Abstract
South African employees embarking on industrial action has a negative impact on the economy of the country, their employers and on those employees that prefer not to strike. However, with regard to the right to strike, it has been suggested that there is a need to implement fair labour practice ideologies within the collective bargain methodology. The democratic transformation from system of segregation to majority rule brought about the entrenchment of the rights of workers in the new Constitution of the Republic of South Africa, 1996.
By acting collectively, employees are afforded the opportunity and privilege of being in a position to bargain with their employers. The International Labour Organisation‟s Convention 87 and Convention 98 of 1948 provide the right to the employers and employees to organise and to bargain collectively. Therefore, industrial action can be utilised by workers as a tool to maintain a balance between labour and the power of capital.

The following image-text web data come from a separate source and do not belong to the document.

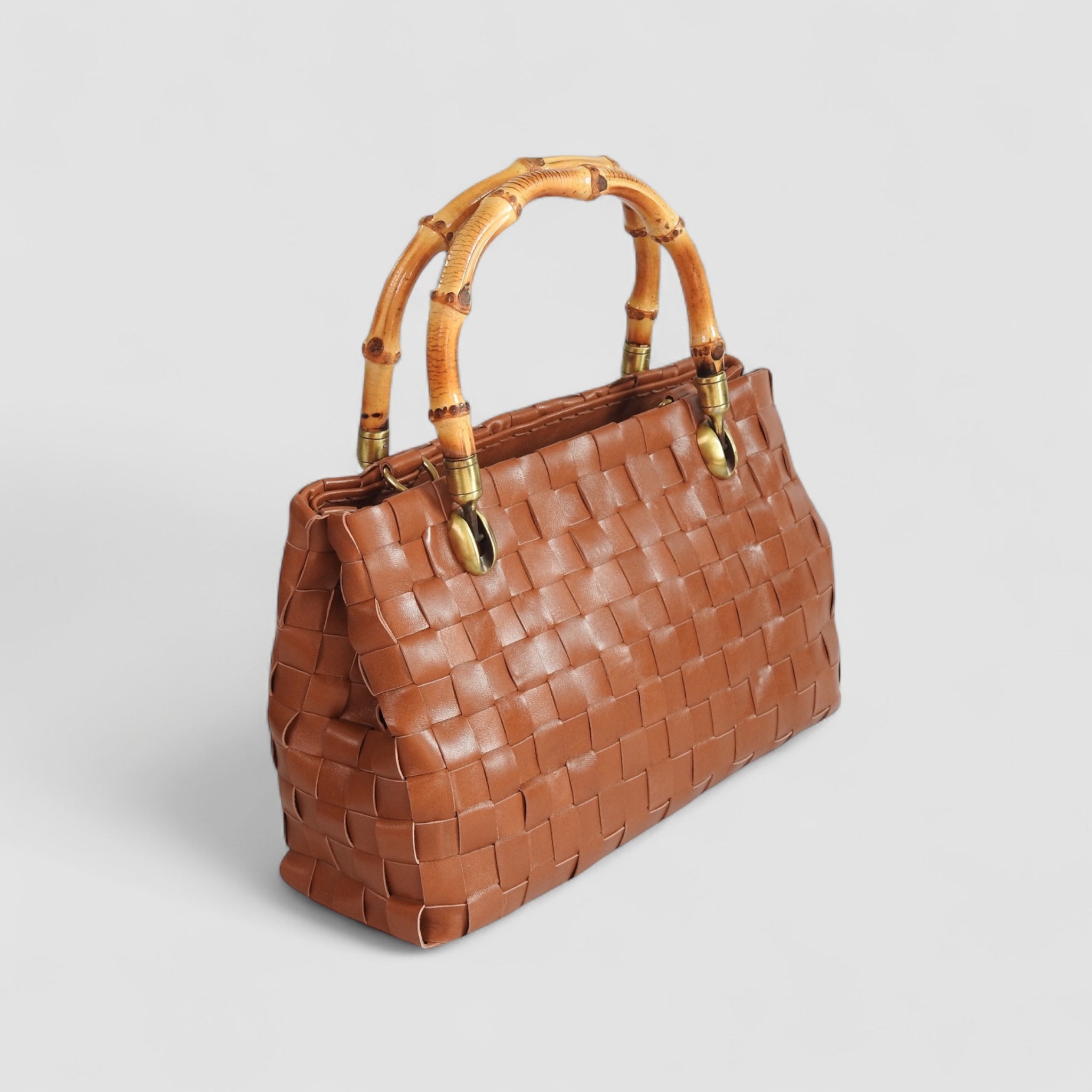 Flettet skinnveske i fargen cognac fra Ribichini med et unikt bambus håndtak og gulldetaljer, bilde er tatt på skrå.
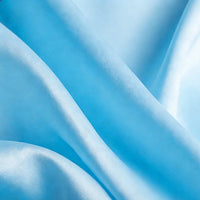 Close-up of Longan Craft Matte Satin Fabric By The Yard in light blue, featuring a soft, smooth texture and gentle folds—ideal for bridesmaid dresses or any project needing solid color satin by the yard.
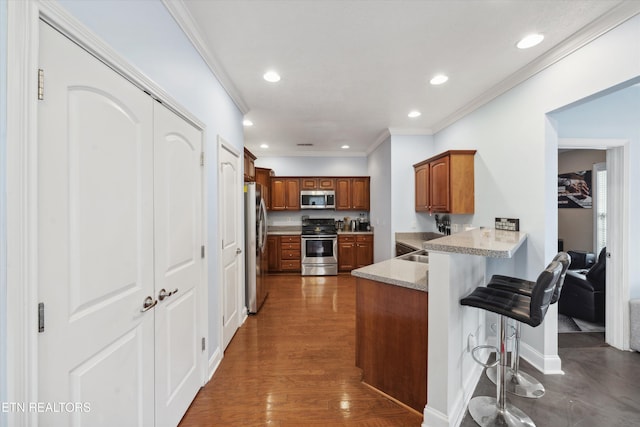 kitchen featuring brown cabinets, appliances with stainless steel finishes, ornamental molding, a peninsula, and a kitchen breakfast bar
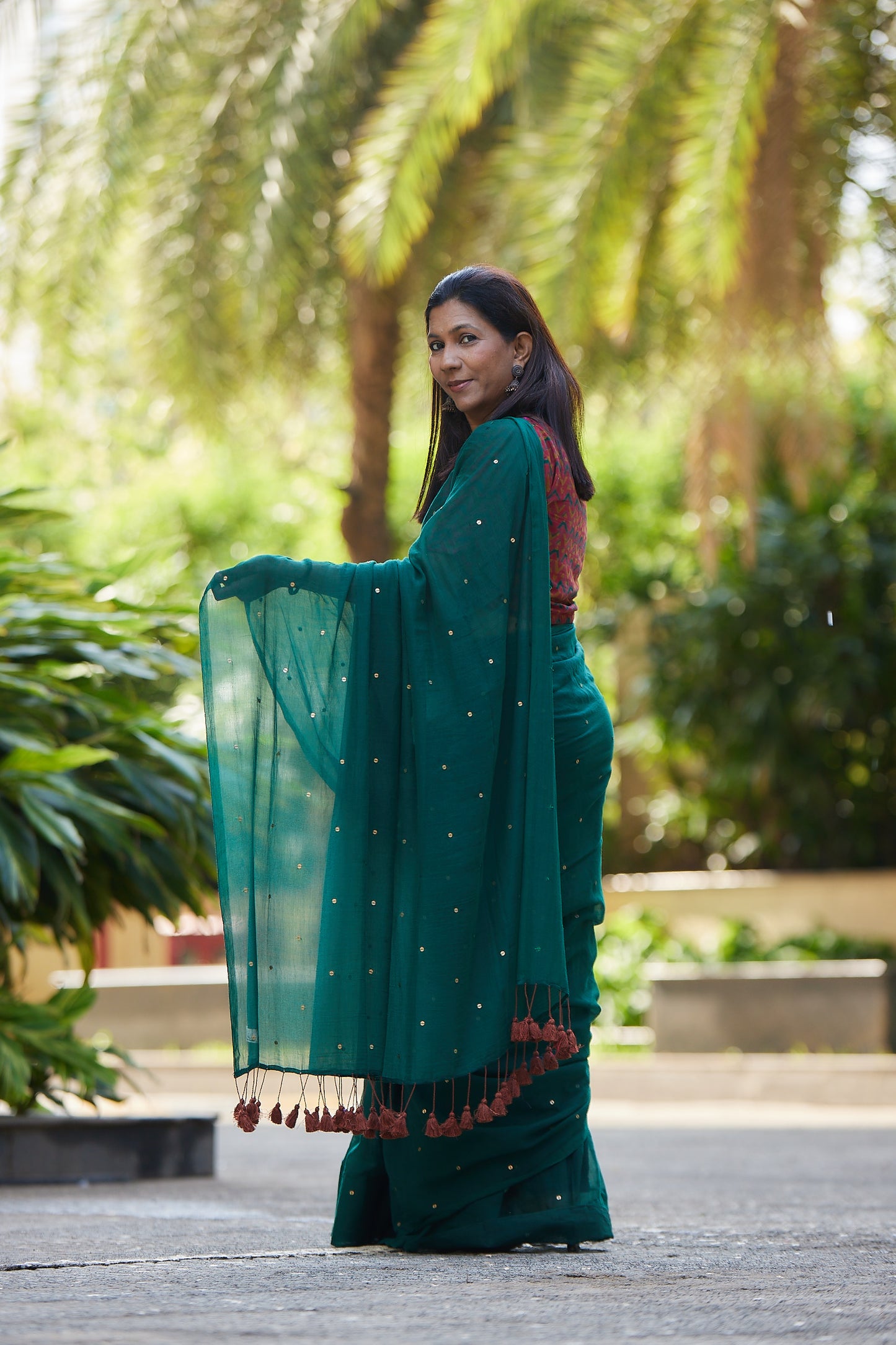 Bottle Green Mulmul cotton Sequin Saree with Tassels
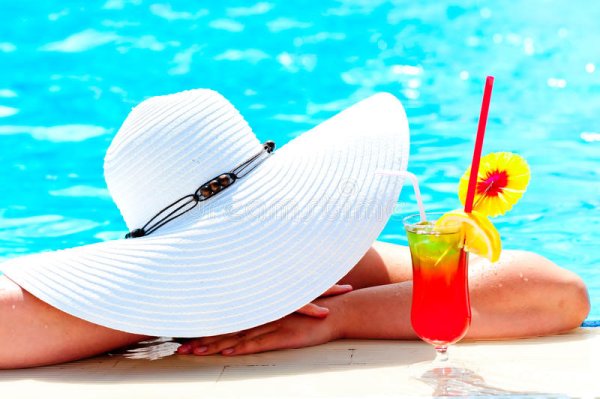 Баба на пляжу в шляпе с коктейлем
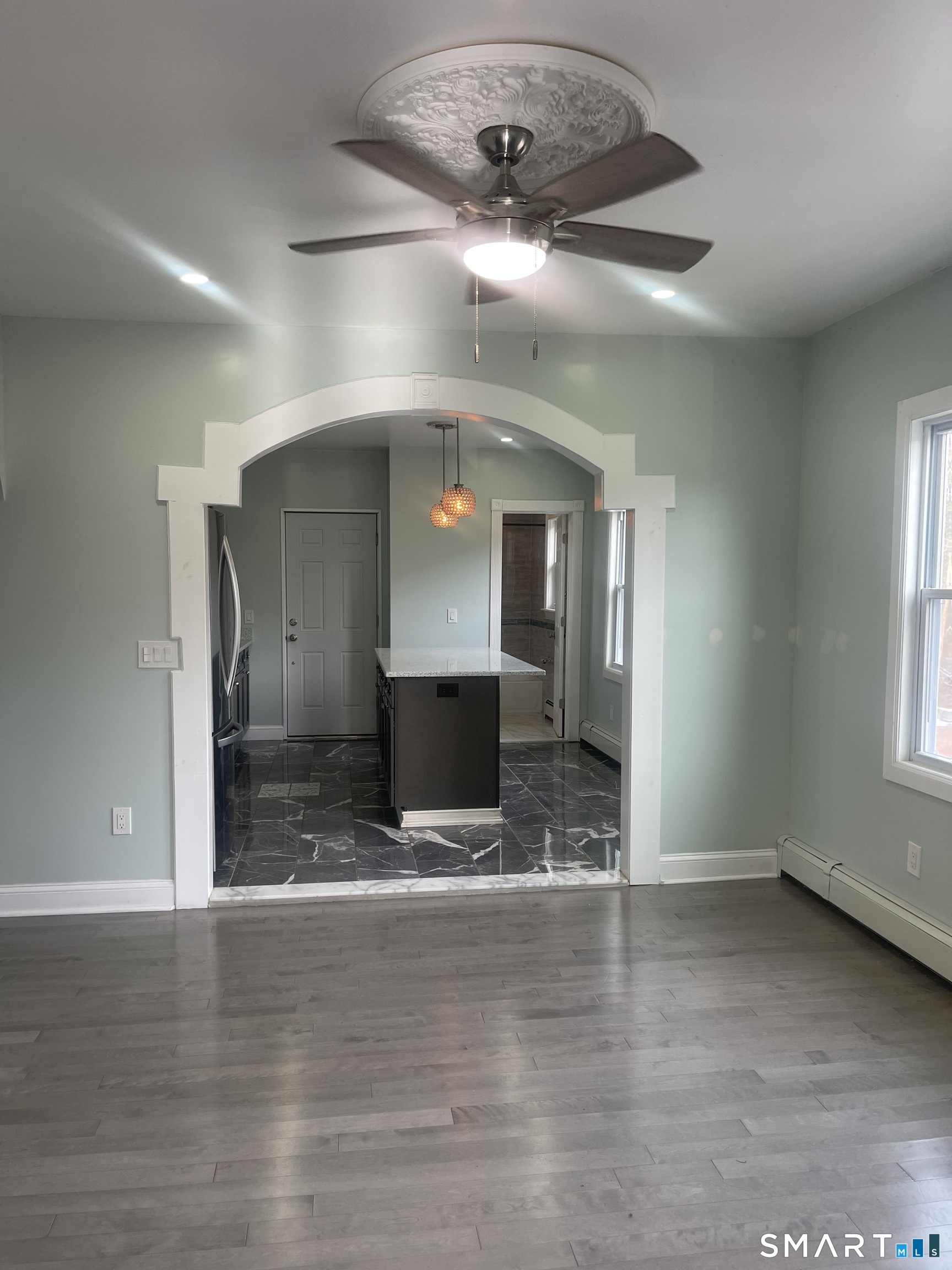 176 Pearl Street Waterbury, CT 06704 - Photo 17 of 19 an empty room with wooden floor and kitchen view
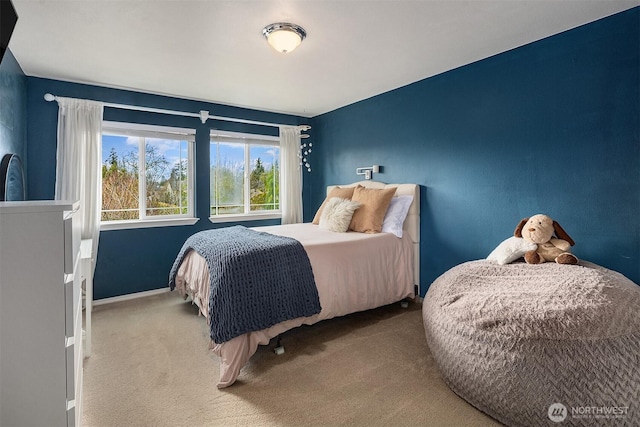 carpeted bedroom with baseboards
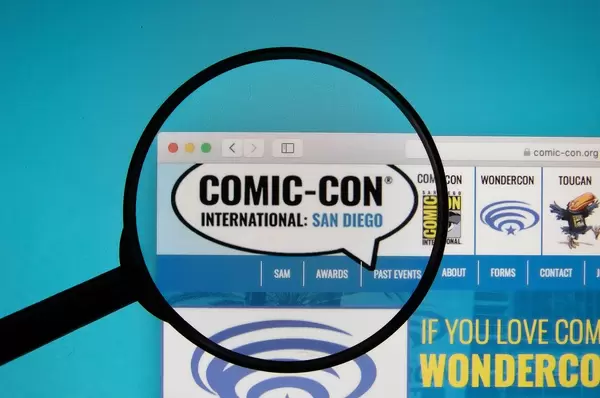 Comic-Con International website on a computer screen with a magnifying glass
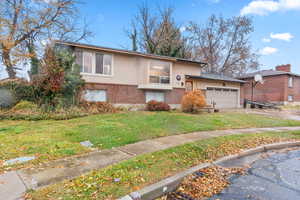 View of front of property featuring a garage and a front yard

In South Africa, statutory international law is essential to the law of industrial action. Section 39(1) (b) of the Constitution mandates the South African courts, tribunals and forums to consider international law when interpreting the rights in the Bill of Rights. Worker‟s rights to industrial action are ingrained in section 23 and are subject to limitations in terms of section 36 of the Constitution. Section 23(2) of the Constitution provides an employee the right to join a trade union of his or her choice, hence exercising the right to freedom of association provided for in section 18 of the South African Constitution.
The Labour Relations Act gives effect to the labour rights enshrined in the Constitution and to South Africa‟s international obligations implemented by the International Labour Organisation and its Conventions. The Labour Relations Act‟s objectives must be interpreted in conformity with international laws and the Constitution. Section 64 of the Labour Relations Act provides for the limitation of procedural requirements pertaining to labour relations, while section 65 of the Act provides for the limitation of its substantive requirements. One important aspect established by the Labour Relations Act is a majoritarian model in relation to trade union activities.